If that fails you either take it to pieces and do a more through deep clean (if you feel competent enough), call an engineer or bin it and buy a better machine.


----------



## DavecUK (Aug 6, 2013)

I would remove the entire brew group assembly and clean, just in case it's not resetting properly.


----------



## Dylan (Dec 5, 2011)

I think your coffee machine is mocking you


----------



## Geordie Boy (Nov 26, 2012)

Or wants to work at Direct Line's call centre


----------



## Big O (Feb 25, 2014)

The nerves on that machine!
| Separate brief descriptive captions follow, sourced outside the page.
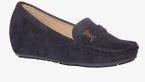 Flat N Heels Navy Blue Suede Regular Loafers Women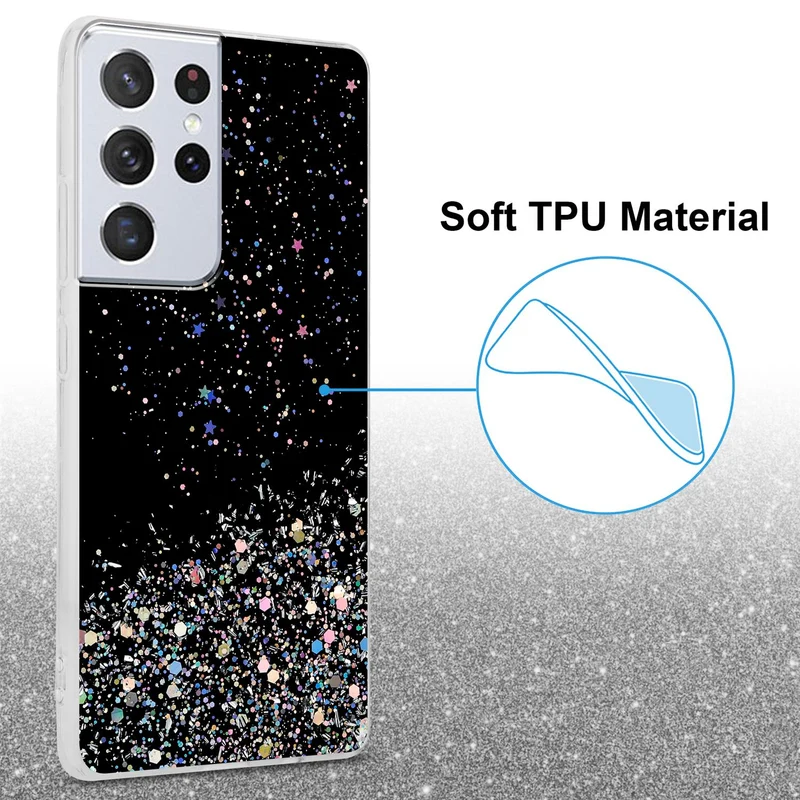 Cadorabo Hülle kompatibel mit Samsung Galaxy S21 ULTRA Schutzhülle aus flexiblem TPU Silikon mit funkelnden Glitter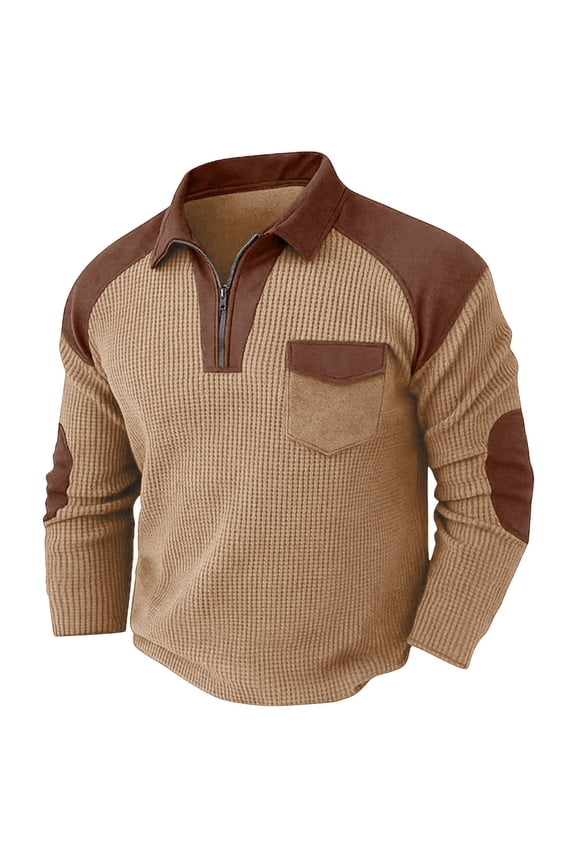 Mens Mock Neck Sweatshirt Trendy Long Sleeve Casual Pullover with Chest Pocket
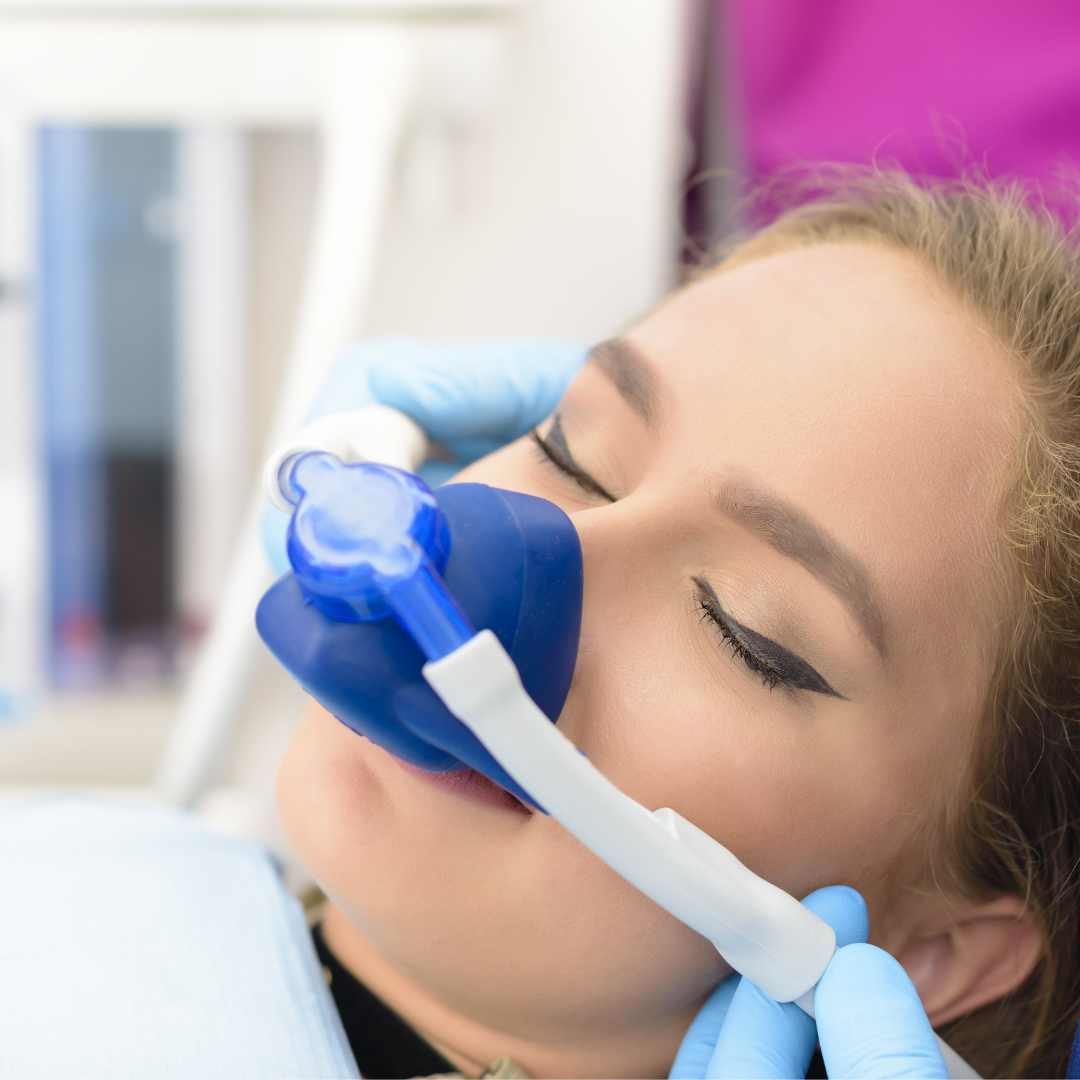 Woman Wearing Nitrous Oxide Mask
Not exactly what you want to hear when needing that first shot of the morning! hope you get to the bottom of it and have alternative methods in the meantime?


----------



## Kyle548 (Jan 24, 2013)

Could be worse.

It could be making coffee for you.


----------



## derekpayne (Oct 12, 2013)

Its with the engineers at the moment, will post when fault is found.


----------



## derekpayne (Oct 12, 2013)

Ok fault was found to be the "Top Fuse Cord" I presume its an inline fuse which they charged us 2.5 hrs labour for, I don't know whether that is fair or not how much stripping of the machine is needed to get to that part?

Total bill is £197.18 ( £5.18 parts & £192.00 labour, that's £64 per hr plus VAT).

You hear horror stories about people being charged extorsionate amounts just because a fuse has blown, but I don't want to be one of them.

If anyone has had this fault before could you let us know how much it cost to repair?

Cheers


----------



## DavecUK (Aug 6, 2013)

I'd get familiar with this manual

http://www.laniel.com/pdf/Flair%20parts.pdf


----------



## 4085 (Nov 23, 2012)

derek, it is all relative. You have probably been massively overcharged, but that siad, what options did you have? They are not the sort of machine that a hands on person buys, therefore these companies know only too well how to charge. I do not think there will be many other owners of this style of machine on here for you to compare notes with.

How much was the machine to buy new? Unfortunately, the b2c machines are packed with useful electronics, useful that is until they break!


----------



## aaronb (Nov 16, 2012)

I dont think you were ripped off, although £5 is a bit on the high side for a fuse.

Presumably you asked the engineer what his rate was before he started work? At £60 an hour you can then either tell him to jog on and find someone cheaper, or bite the bullet.

£60 p/h again may be reasonable, depending on his experience, how far he had to drive to get to you etc.


----------



## Geordie Boy (Nov 26, 2012)

Also, how long was spent afterwards putting the machine through a few cycles to check that the fuse wouldn't just blow again. If a fuse blows, it's sometimes an early indication that something else is at fault somewhere


----------